The uniform is a specific characteristic of all Scouting movements. Robert Baden-Powell said it "hides all differences of social standing in a country and makes for equality; but, more important still, it covers differences of country and race and creed, and makes all feel that they are members with one another of the one great brotherhood".

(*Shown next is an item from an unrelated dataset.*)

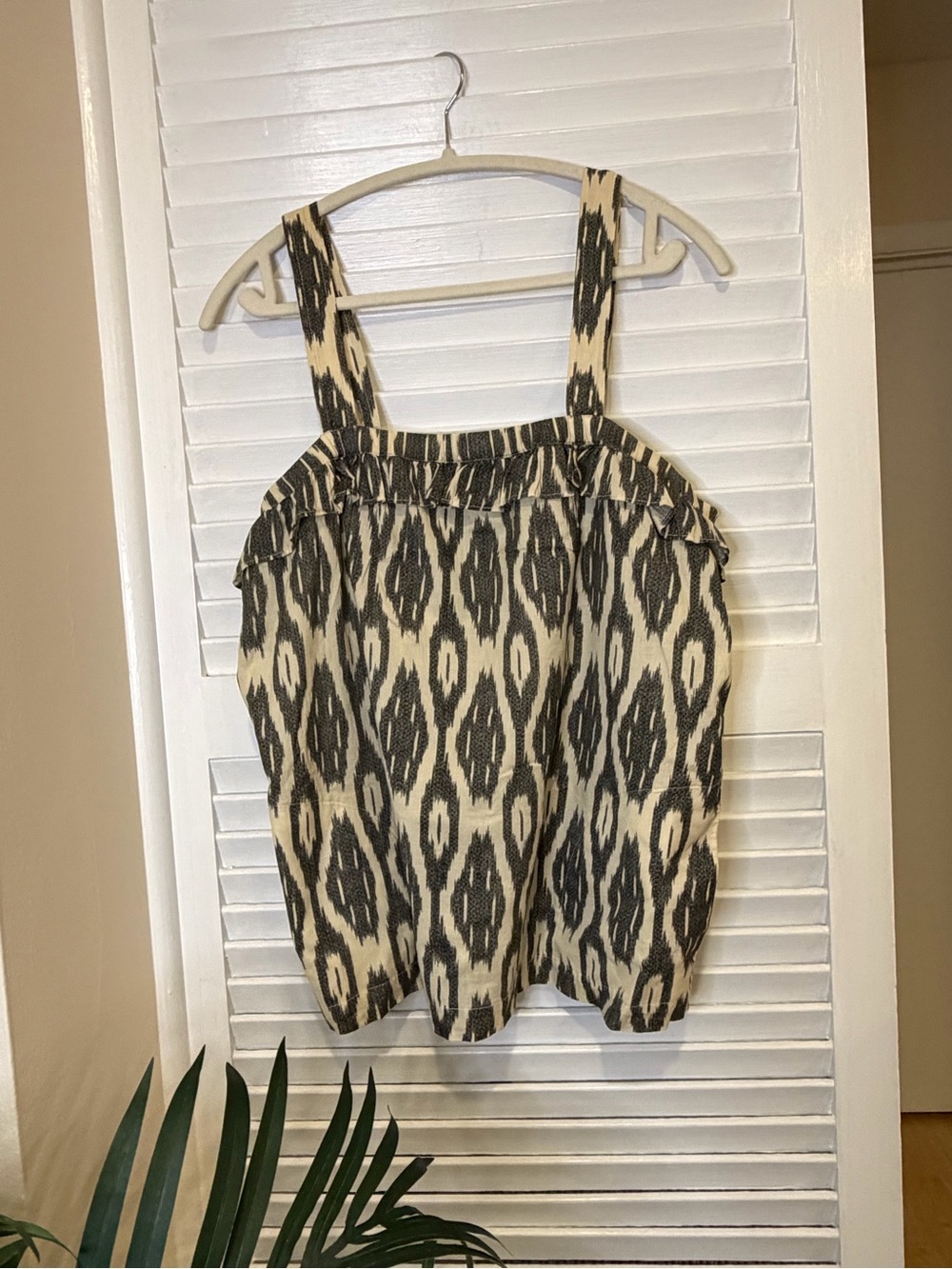 J.Crew 100% Cotton Ikat Print Ruffle Tank Top Size 10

In the 1909 The Scheme for Girl Guides, the uniform for the newly emerging movement was given as:
Jersey of company colour. Neckerchief of company colour. Skirt, knickers, stockings, dark blue. Cap – red biretta, or in summer, large straw hat. Haversack, cooking billy, lanyard and knife, walking stick or light staff. Cape, hooked up on the back. Shoulder knot, of the 'Group' colour on the left shoulder. Badges, much the same as the Boy Scouts. Officers wear ordinary country walking-dress, with biretta of dark blue, white shoulder knot, walking stick, and whistle on lanyard.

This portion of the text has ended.